▸ **What to produce**: Look below for the line containing "Rudolf Karpenstein, 1892-1974" and the line containing "Square Marble Table"; repeat exactly those two lines and all lines between them, and nothing else.

▸ **Given data**:
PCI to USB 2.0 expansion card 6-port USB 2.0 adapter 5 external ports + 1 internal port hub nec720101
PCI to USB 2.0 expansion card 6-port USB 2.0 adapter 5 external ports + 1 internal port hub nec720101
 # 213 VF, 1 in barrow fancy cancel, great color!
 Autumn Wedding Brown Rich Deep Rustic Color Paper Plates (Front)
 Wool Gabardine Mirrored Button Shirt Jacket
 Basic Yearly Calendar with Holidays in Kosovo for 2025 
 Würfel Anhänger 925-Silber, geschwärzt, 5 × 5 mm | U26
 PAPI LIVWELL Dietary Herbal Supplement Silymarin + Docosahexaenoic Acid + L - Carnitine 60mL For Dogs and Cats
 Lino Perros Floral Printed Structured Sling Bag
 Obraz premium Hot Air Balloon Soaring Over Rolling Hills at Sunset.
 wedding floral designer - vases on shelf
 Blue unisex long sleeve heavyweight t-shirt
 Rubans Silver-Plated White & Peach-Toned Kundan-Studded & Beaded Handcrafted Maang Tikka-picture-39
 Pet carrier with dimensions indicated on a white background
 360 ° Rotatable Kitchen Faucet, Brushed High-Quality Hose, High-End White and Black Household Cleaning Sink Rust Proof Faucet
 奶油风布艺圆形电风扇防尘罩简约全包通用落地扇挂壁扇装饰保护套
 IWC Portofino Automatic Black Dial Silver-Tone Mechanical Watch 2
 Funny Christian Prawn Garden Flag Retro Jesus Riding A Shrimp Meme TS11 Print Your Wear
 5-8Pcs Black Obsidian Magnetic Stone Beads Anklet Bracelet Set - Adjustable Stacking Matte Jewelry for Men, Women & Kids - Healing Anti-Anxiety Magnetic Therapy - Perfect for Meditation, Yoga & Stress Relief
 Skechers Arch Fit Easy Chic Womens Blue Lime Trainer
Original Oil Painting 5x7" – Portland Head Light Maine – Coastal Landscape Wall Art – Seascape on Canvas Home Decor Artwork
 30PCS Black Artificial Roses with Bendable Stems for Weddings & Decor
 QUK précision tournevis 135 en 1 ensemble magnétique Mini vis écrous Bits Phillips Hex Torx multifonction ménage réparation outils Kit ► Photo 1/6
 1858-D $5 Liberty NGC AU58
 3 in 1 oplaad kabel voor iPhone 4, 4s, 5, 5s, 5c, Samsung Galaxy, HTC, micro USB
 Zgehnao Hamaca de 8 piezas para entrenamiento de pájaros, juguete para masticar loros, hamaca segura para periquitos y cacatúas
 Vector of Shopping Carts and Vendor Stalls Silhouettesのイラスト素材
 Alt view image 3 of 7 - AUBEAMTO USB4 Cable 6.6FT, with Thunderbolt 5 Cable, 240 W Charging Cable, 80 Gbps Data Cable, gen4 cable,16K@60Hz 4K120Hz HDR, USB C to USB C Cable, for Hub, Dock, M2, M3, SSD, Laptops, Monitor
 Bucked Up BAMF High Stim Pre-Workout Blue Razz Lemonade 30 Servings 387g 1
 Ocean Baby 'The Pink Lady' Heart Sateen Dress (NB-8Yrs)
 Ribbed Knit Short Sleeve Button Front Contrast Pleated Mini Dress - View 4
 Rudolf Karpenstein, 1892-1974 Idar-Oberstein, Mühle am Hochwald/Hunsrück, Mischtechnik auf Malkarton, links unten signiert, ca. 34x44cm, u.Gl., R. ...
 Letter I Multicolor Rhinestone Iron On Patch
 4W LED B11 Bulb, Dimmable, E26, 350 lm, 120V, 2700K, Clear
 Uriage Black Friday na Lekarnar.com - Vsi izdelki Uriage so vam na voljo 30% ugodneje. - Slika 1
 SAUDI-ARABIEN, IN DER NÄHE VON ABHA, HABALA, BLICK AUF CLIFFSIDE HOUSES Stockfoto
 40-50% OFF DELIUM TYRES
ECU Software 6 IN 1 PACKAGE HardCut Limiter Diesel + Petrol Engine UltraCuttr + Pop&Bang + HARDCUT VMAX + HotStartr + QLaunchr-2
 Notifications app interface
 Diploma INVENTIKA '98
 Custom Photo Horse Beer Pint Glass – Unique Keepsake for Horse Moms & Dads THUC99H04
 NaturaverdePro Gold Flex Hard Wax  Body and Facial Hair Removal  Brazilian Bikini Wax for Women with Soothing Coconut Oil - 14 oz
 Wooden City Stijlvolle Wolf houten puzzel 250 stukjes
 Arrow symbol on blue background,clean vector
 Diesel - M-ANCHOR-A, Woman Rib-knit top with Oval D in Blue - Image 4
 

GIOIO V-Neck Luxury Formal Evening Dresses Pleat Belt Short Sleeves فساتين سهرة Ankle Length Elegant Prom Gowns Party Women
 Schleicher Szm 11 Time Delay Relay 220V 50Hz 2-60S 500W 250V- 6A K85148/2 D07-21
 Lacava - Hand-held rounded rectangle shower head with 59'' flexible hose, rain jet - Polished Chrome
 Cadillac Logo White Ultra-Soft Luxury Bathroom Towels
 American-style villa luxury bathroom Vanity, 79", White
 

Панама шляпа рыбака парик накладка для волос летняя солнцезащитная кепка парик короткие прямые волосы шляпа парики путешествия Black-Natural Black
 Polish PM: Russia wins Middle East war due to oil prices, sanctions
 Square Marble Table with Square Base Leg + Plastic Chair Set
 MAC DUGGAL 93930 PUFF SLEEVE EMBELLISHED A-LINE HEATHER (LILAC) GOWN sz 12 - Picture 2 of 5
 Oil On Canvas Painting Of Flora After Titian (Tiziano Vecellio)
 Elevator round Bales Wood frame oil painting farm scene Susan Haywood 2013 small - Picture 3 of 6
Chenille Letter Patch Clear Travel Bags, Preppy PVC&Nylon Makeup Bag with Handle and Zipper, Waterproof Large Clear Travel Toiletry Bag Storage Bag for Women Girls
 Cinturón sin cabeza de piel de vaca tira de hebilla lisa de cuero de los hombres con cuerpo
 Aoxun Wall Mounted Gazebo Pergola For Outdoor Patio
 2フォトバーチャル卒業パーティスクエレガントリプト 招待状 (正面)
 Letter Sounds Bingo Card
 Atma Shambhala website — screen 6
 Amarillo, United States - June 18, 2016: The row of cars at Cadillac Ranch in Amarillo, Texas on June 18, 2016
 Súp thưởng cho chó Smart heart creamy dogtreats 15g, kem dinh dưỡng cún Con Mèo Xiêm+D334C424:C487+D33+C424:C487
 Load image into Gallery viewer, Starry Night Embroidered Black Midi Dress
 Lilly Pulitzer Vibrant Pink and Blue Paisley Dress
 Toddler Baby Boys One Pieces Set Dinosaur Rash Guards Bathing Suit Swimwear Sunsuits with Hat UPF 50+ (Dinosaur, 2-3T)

▸ **Solution**:
 Rudolf Karpenstein, 1892-1974 Idar-Oberstein, Mühle am Hochwald/Hunsrück, Mischtechnik auf Malkarton, links unten signiert, ca. 34x44cm, u.Gl., R. ...
 Letter I Multicolor Rhinestone Iron On Patch
 4W LED B11 Bulb, Dimmable, E26, 350 lm, 120V, 2700K, Clear
 Uriage Black Friday na Lekarnar.com - Vsi izdelki Uriage so vam na voljo 30% ugodneje. - Slika 1
 SAUDI-ARABIEN, IN DER NÄHE VON ABHA, HABALA, BLICK AUF CLIFFSIDE HOUSES Stockfoto
 40-50% OFF DELIUM TYRES
ECU Software 6 IN 1 PACKAGE HardCut Limiter Diesel + Petrol Engine UltraCuttr + Pop&Bang + HARDCUT VMAX + HotStartr + QLaunchr-2
 Notifications app interface
 Diploma INVENTIKA '98
 Custom Photo Horse Beer Pint Glass – Unique Keepsake for Horse Moms & Dads THUC99H04
 NaturaverdePro Gold Flex Hard Wax  Body and Facial Hair Removal  Brazilian Bikini Wax for Women with Soothing Coconut Oil - 14 oz
 Wooden City Stijlvolle Wolf houten puzzel 250 stukjes
 Arrow symbol on blue background,clean vector
 Diesel - M-ANCHOR-A, Woman Rib-knit top with Oval D in Blue - Image 4
 

GIOIO V-Neck Luxury Formal Evening Dresses Pleat Belt Short Sleeves فساتين سهرة Ankle Length Elegant Prom Gowns Party Women
 Schleicher Szm 11 Time Delay Relay 220V 50Hz 2-60S 500W 250V- 6A K85148/2 D07-21
 Lacava - Hand-held rounded rectangle shower head with 59'' flexible hose, rain jet - Polished Chrome
 Cadillac Logo White Ultra-Soft Luxury Bathroom Towels
 American-style villa luxury bathroom Vanity, 79", White
 

Панама шляпа рыбака парик накладка для волос летняя солнцезащитная кепка парик короткие прямые волосы шляпа парики путешествия Black-Natural Black
 Polish PM: Russia wins Middle East war due to oil prices, sanctions
 Square Marble Table with Square Base Leg + Plastic Chair Set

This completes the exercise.